**Records to use**

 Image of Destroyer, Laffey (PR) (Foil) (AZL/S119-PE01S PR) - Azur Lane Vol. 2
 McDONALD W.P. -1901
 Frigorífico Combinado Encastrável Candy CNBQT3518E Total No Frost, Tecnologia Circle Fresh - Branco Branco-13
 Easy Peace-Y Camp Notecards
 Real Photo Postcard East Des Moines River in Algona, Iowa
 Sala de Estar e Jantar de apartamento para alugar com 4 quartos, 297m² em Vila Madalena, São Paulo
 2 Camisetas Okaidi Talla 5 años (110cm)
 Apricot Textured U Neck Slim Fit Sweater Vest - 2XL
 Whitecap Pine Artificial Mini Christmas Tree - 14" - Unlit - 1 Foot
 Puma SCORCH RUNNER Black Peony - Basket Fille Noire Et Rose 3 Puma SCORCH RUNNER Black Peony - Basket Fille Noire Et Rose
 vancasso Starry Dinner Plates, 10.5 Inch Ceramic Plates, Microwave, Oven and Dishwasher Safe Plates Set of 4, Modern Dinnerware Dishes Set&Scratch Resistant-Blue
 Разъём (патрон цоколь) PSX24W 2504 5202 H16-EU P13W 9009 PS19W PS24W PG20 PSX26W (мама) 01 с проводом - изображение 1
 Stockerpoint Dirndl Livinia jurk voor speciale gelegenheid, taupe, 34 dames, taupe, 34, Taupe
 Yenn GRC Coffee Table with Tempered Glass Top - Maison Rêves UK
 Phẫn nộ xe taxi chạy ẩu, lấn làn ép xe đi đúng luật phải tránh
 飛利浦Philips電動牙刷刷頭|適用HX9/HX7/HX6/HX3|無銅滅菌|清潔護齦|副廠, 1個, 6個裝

**Task instructions**
Transcribe each line of the data above, unaltered, from the one where "Easy Peace-Y Camp Notecards" appears to the one where "Разъём (патрон цоколь)" appears, inclusive of both.

**Task result**
 Easy Peace-Y Camp Notecards
 Real Photo Postcard East Des Moines River in Algona, Iowa
 Sala de Estar e Jantar de apartamento para alugar com 4 quartos, 297m² em Vila Madalena, São Paulo
 2 Camisetas Okaidi Talla 5 años (110cm)
 Apricot Textured U Neck Slim Fit Sweater Vest - 2XL
 Whitecap Pine Artificial Mini Christmas Tree - 14" - Unlit - 1 Foot
 Puma SCORCH RUNNER Black Peony - Basket Fille Noire Et Rose 3 Puma SCORCH RUNNER Black Peony - Basket Fille Noire Et Rose
 vancasso Starry Dinner Plates, 10.5 Inch Ceramic Plates, Microwave, Oven and Dishwasher Safe Plates Set of 4, Modern Dinnerware Dishes Set&Scratch Resistant-Blue
 Разъём (патрон цоколь) PSX24W 2504 5202 H16-EU P13W 9009 PS19W PS24W PG20 PSX26W (мама) 01 с проводом - изображение 1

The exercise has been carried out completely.